Contrôle successivement :

- que l’outil nodes est autorisé by la Gateway ;

- que l’iPhone est bien appairé et approuvé ;

- que les nouvelles permissions ne nécessitent pas une réapprobation ;

- que les capacités réellement exposées par l’iPhone sont accessibles ;

- que TOOLS.md explique précisément à l’agent comment appeler location_get et les commandes invoke comme calendar.events ou contacts.search ;

- que l’ancienne session de chat ne bloque pas l’utilisation de ces outils.

Sauvegarde les fichiers avant modification, applique uniquement les changements nécessaires, redémarre le service OpenClaw concerné, teste chaque capacité et donne-moi à la fin un récapitulatif des fichiers modifi&é, des commandes utilisées et des prompts à envoyer depuis l’application mobile

Une fois l'ensemble configuré, une opération qui nous aura demandé plus d'une heure manuellement, place au véritable test. L'idée n'est plus simplement de vérifier que chaque permission fonctionne, mais de confier au téléphone une tâche utile mêlant plusieurs sources de données, avec un résultat immédiatement visible dans le chat et une action concrète sur l'iPhone :

Récupère ma position actuelle, consulte mon calendrier pour les prochaines 24 heures et mes rappels encore ouverts. Prépare-moi un brief très court avec ce que je dois faire en priorité, puis identifie mon prochain rendez-vous et crée un rappel 30 minutes avant avec l’adresse et les informations utiles.
© Capture d’écran / JDN

L’agent suit parfaitement les consignes et répond en utilisant les données de l’iphone. Le tour est joué.

Un agent perfectible

En l’état, OpenClaw mobile reste un outil beaucoup trop technique pour le grand public. La promesse est intéressante : exposer certaines données de son smartphone à son agent, puis les exploiter directement dans des workflows.
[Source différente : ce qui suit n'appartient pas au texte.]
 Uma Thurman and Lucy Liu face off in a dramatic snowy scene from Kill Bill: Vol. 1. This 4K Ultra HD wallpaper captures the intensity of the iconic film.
Mais pour y parvenir, il faut encore modifier la configuration en profondeur. Personne de raisonnable, en dehors d’un développeur ou d’un utilisateur très technophile, ne passera plus d’une heure à configurer tout cela simplement pour retrouver son agent sur mobile.

La vraie question est donc simple : cela vaut-il vraiment le coup d’abandonner WhatsApp ou Telegram pour cette application ? Pour l’heure, plutôt non. Le coût de configuration reste trop important au regard du faible nombre de fonctionnalités réellement différenciantes. L’application n’en est toutefois qu’à ses débuts. Avec une configuration automatisée côté serveur, une intégration beaucoup plus profonde aux capacités du téléphone, voire un agent capable de fonctionner localement sur iOS ou Android, OpenClaw pourrait devenir une excellente interface mobile pour piloter un agent personnel.